*Given data*
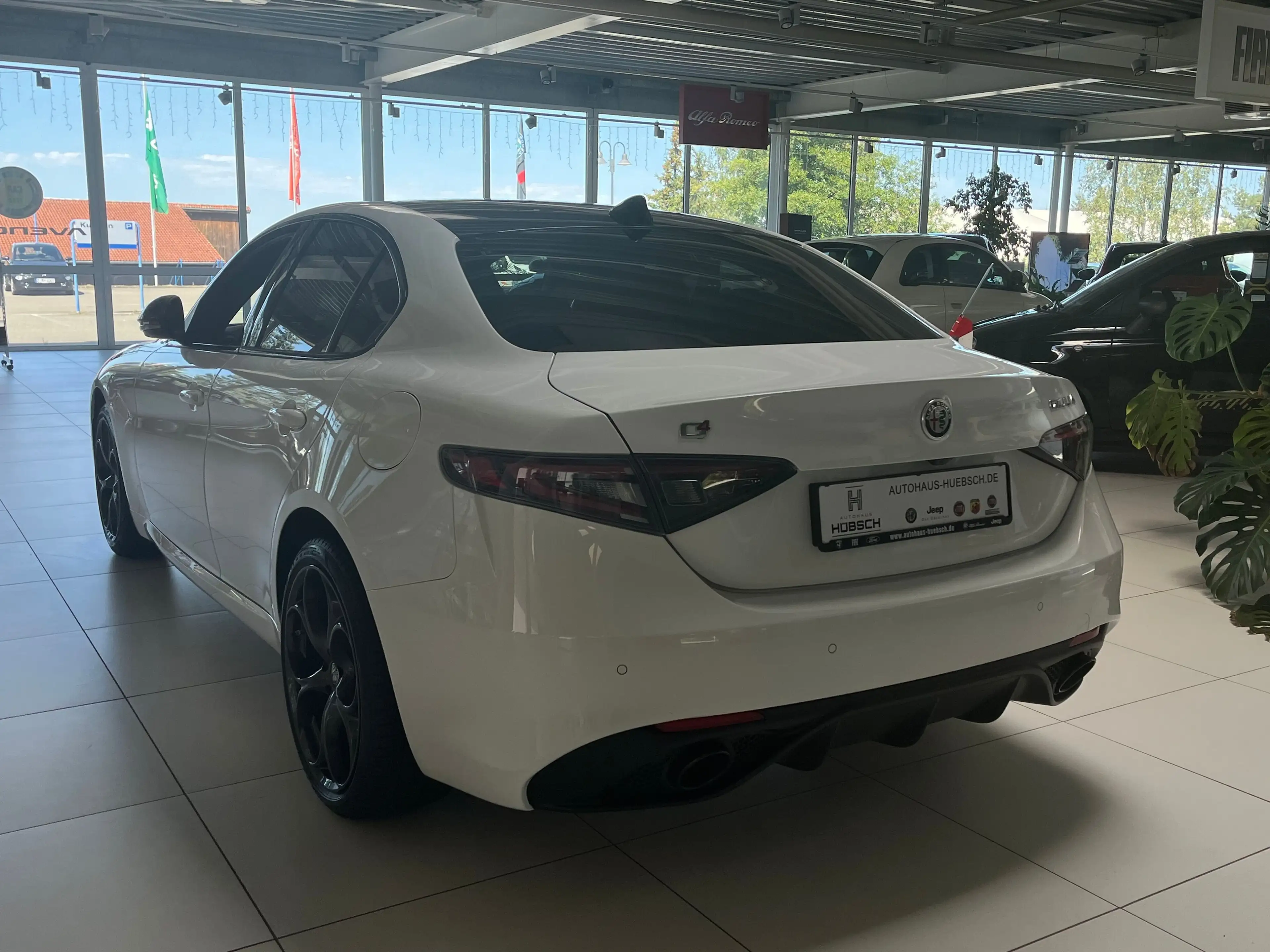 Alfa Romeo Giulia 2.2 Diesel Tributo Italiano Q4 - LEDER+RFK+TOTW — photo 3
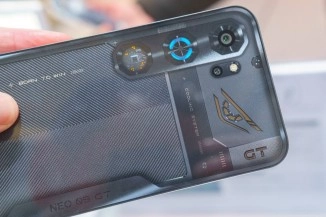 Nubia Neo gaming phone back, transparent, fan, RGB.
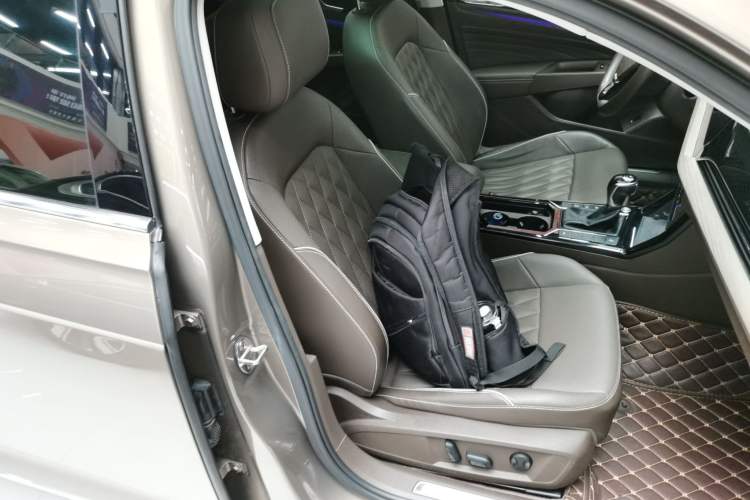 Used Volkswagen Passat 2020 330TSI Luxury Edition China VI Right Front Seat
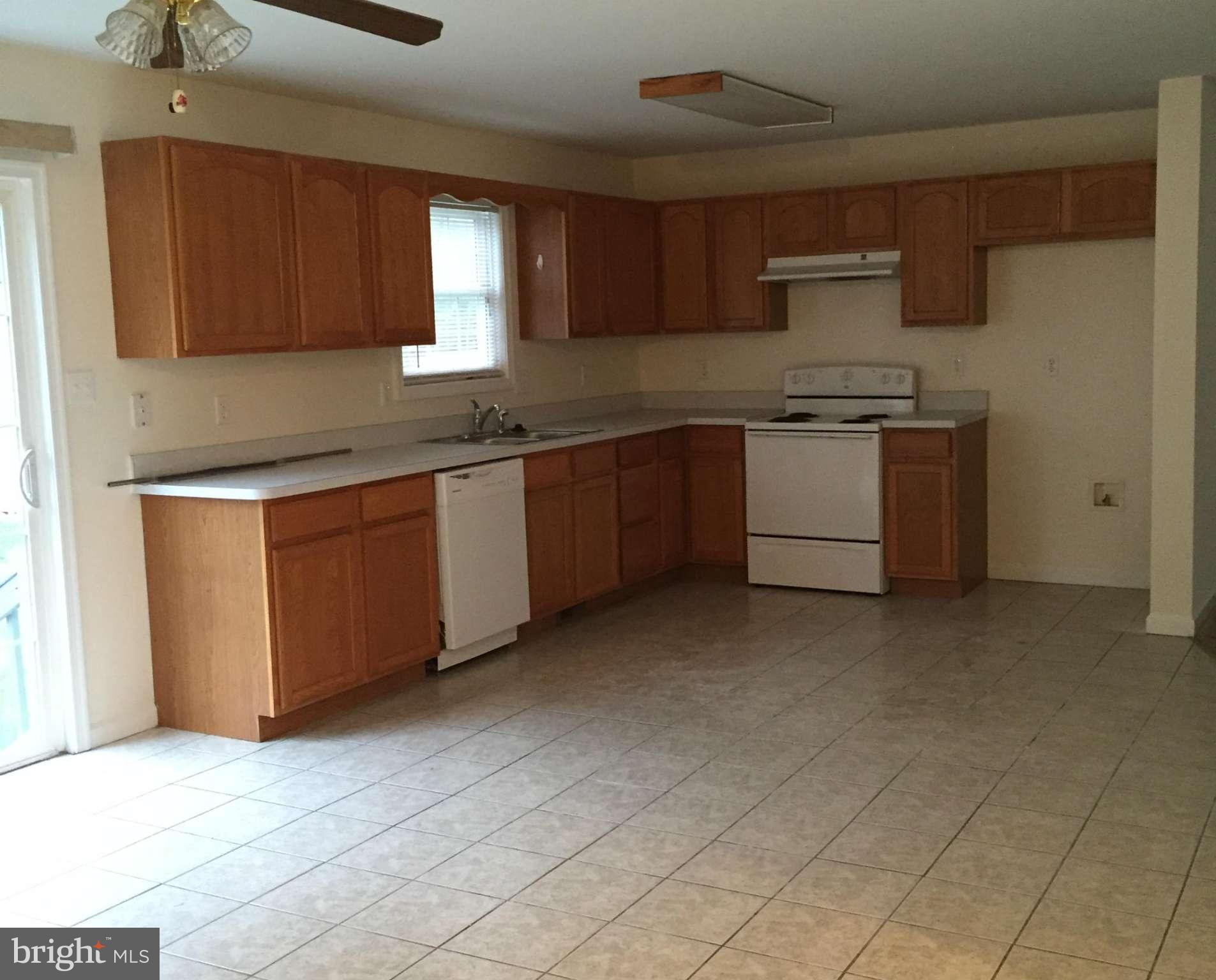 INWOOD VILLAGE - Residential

*Exercise aim*
Reproduce word for word only the lines between the line containing "Nubia Neo gaming" and the end of the listing above, both included, and drop any pictures.

*Response area*
 Nubia Neo gaming phone back, transparent, fan, RGB.
 Used Volkswagen Passat 2020 330TSI Luxury Edition China VI Right Front Seat
 INWOOD VILLAGE - Residential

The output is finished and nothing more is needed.